At this stage, your goal is to generate repeat buys and real profits. While your entry-point offer was designed for conversions, your ascension offers should be geared for profits—because if you’re serving your customers well, they’ll want to buy again and again.

Ascension offers may be simple upsells made after that initial purchase… bigger, better solutions… or “done for you” add-ons.

So now we must ask ourselves, what is our core flagship offer and how do we continue to deliver value after the first sale is made? What is the thing that we are selling? 

How we continue to deliver value after the first sale is really important, because having upsells and cross sales gives you the ability to sell to customers you already have. It will give you higher Average Customer values, which is going to give you higher margins. Which means you can spend more to acquire new customers. 

Why does this matter? It matters because of this universal law of marketing and customer acquisition, he or she who is able and willing to spend the most to acquire a customer wins.

Very often the business with the best product messaging very often is the business that can throw the most into customer acquisition. Now there are two ways to do that.

The first way is to just raise a lot of money. The problem is if you have a lot of money, that doesn’t last forever. At some point you need economics. 

The second way, and the most timeless and predictable approach, is to simply have the highest value customers of anyone in your market. If your customers are worth more to you than they are to your competitors, you can spend more to acquire them at the same margin. 

If a customer is worth twice as much to you than it is to your competitor, you can spend twice as much trying to acquire them to make the same margin. You can invest in your customer acquisition, because your customers are investing in your business. You can invest in your customer experiences, and when we invest more into the customer we build brands that have greater value. Meaning, people are more likely to choose you over someone else, which can actually lower acquisition costs. 

Happy customers refer others to us, which is called zero dollar customer acquisition, and generally just ensures you’re making a bigger impact. You can invest more in the customer experience and customer acquisition process if you don’t have high margins. 

If you deliver a preview experience, you can utilize revenue maximizers like up sells, cross sales, and bundles. These are things that would follow up the initial sale or are combined with the initial sale to increase the Average Customer Value.

The best example of an immediate upsell is the classic McDonalds, “would you like fries with that?” You got just a burger, do you also want fries with that? 

What distinguishes an upsell from other types of follow up offers is the upsell promise, the same end result for a bigger and better end result. 

What’s your desired result when you go to McDonalds? It’s not to eat healthy food, and it’s not even to eat a small amount of food. When you go to McDonalds your job is to have a tasty, greasy, predictable inexpensive meal. No one is going there because it’s healthy, you’re going there because you want to eat good. 

It’s predictable. It’s not going to break the bank for a hamburger, neither will adding fries or a Coke. It’s the same experience, but it’s BIGGER and BETTER. 

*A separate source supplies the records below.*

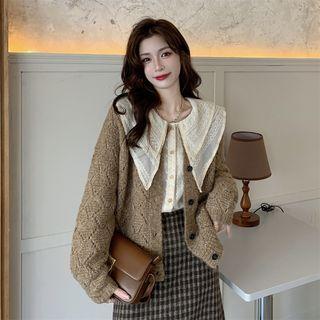 Lace Shirt / Pointelle Knit Cardigan / Plaid Midi Pencil Skirt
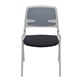 CHAIR VISITORS MAUI WHITEGREY PLASTIC FRAME GREY FABRIC SEAT COVER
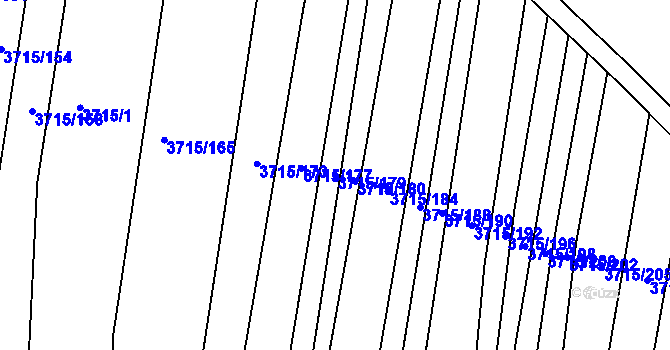 Parcela st. 3715/179 v KÚ Vracov, Katastrální mapa
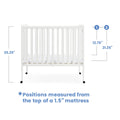 Delta Children Lee Portable Folding Mini Crib with 1.5 - Inch Mattress - Greenguard Gold Certified, Bianca White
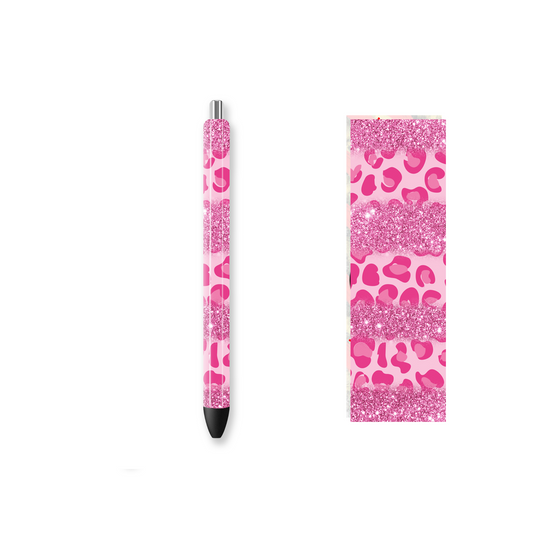 Pen Wrap Vinyl Prints - Pink Leopard Glitter - P100055 - Cutey K Blanks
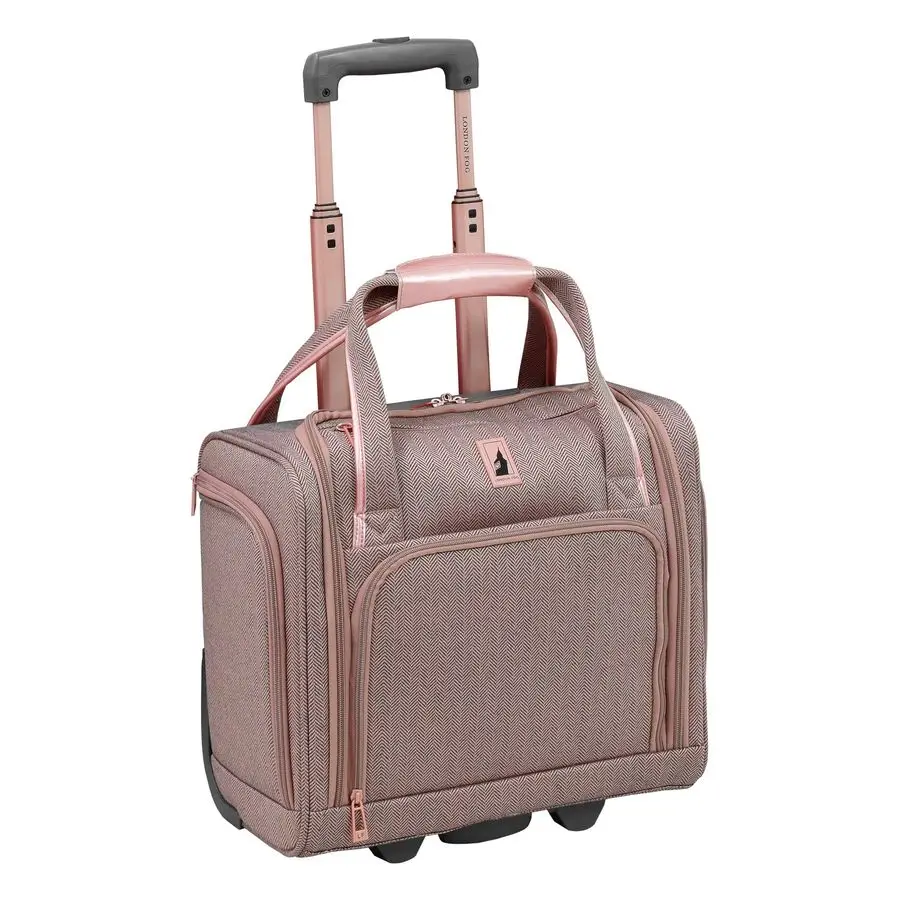 

15Inch Underseater, Telescoping Handles, Rose Charcoal Herringbone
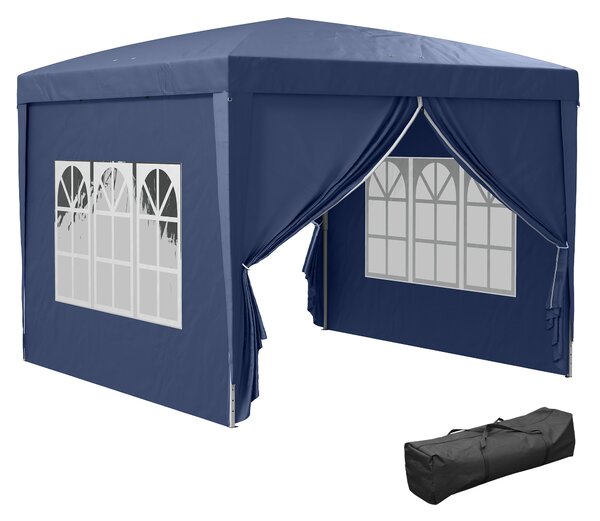 Outsunny Gazebo da Giardino 3x3m Pieghevole con Borsa da Trasporto, Copertura impermeabile, con Corde e Picchetti Inclusi,Blu | Aosom Italy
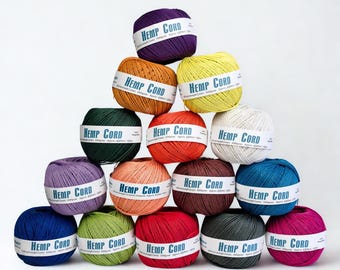 Choose 3 Colored Hemp Cord Balls – 1mm Thick – Eco-Friendly, Chemical-Free Dye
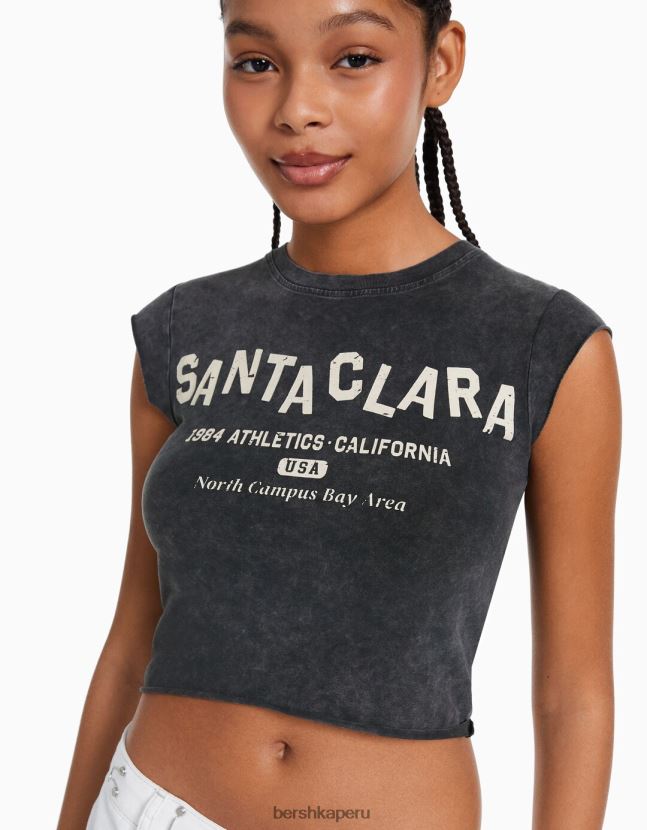 gris Bershka mujer camiseta cropped de manga corta con estampado 806J6B450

Amazon does this all of the time with their “Customers Who Bought This Also Bought …” But this one is algorithmic. The point of a cross sell is that it is relevant to the consumer, but it doesn’t necessarily have to be aligned with the original purchase. What you don’t want to do is start someone down one path and confuse them.

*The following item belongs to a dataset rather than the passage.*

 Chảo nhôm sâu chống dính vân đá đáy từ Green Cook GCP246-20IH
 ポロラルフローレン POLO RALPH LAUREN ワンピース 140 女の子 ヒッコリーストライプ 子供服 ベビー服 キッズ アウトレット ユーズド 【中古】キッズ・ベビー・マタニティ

You can make this process easy with Bundles and Kits. With a bundle or a kit you’re essentially saying to someone, “you can buy just one piece, or you can get this bundle that does all of these other things for a little bit more. And it’s a higher value.”

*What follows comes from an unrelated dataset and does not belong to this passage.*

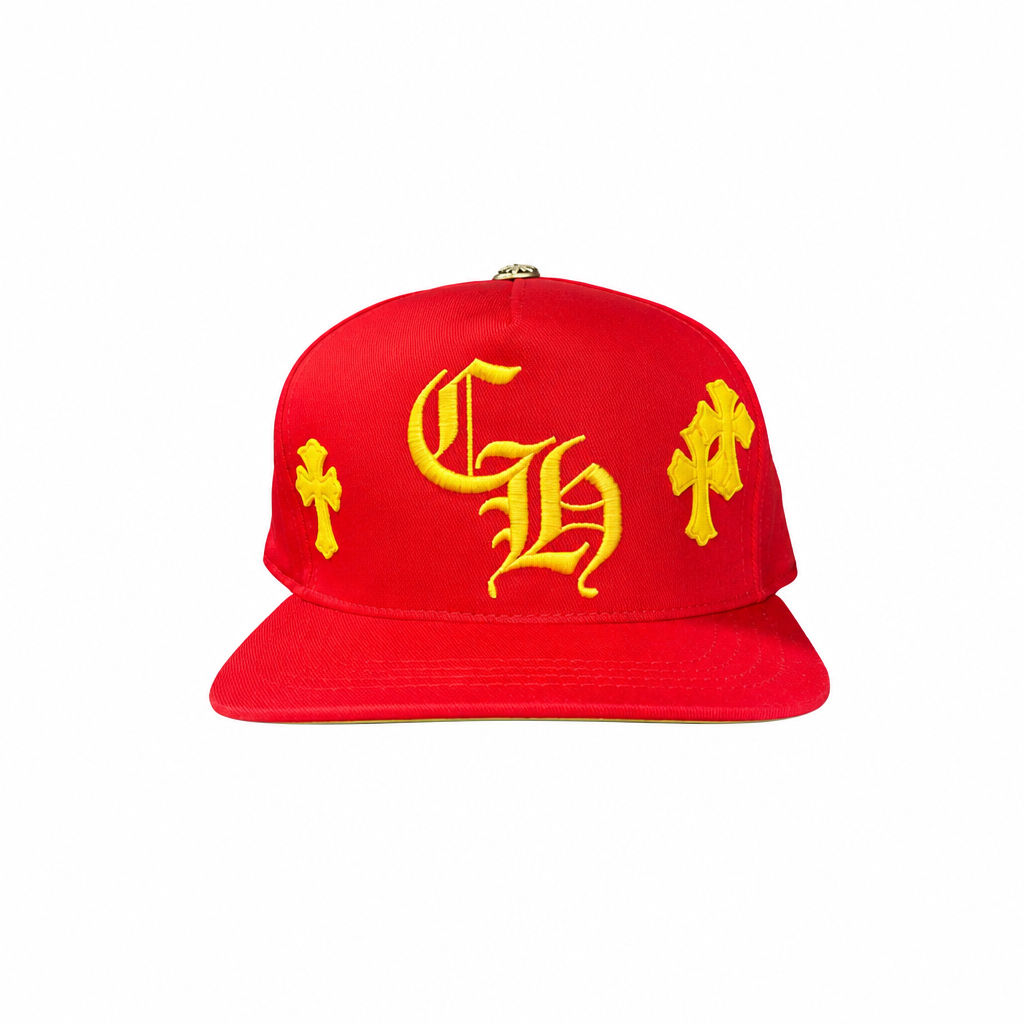 Cap Baseball Red Yellow Cross Patch | Chrome Hearts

The idea behind bundles and kits is that we are adding to the primary offer, not offering them something different. We’re simply promising to get them this desired result in higher definition. 

The Elements of High-Converting Revenue Maximizers (like our bundles and kits) are:

  1. Speed

If you’re an e-Commerce business, selling a physical product, this can look like: offering free shipping for orders $X or more. We’re looking to get your customers the same desired result, but with less work for them.

  1. Automation

If you’re a furniture business, and you want to add a Revenue Maximizer, this can look like: Right now for an extra $X our highly trained employees will come and put this together for you. 

  1. Access 

People will pay for speed, they’ll pay for less work, but they will also pay for a look behind the curtain. Think about the people who pay for Backstage Passes. Your customers will pay for a VIP experience just so they can kind of see how everything works. 

Remember, the ascension stage doesn’t have to stop. Once you have a customer, you should do your best to make them a customer for life. You should continue serving them. Continue asking them, “what needs are we still not meeting” and seek to meet those needs. 

It is your job as a marketer to seek out to discover these needs, to bring these back to the product team, because that’s what’s going to enable you to fully maximize the average customer value. Which is going to enable you to have a whole lot more to spend to acquire those customers and make your job a whole lot easier. 

Now that you understand the importance of the ascend stage, let’s apply it to our examples.

Hazel & Hem could have free priority shipping over $150, a “Boutique Points” reward program with exclusive “double point” days to encourage spending, and an exclusive “Stylist Package” that includes a full outfit custom selected for the customer. 

Cyrus & Clark can retain current clients by offering an annual strategic plan, “Done for You” Marketing services that execute on the strategic plan, and the top tier would allow customers to be the exclusive company that Cyrus & Clark services in specific geographical territories.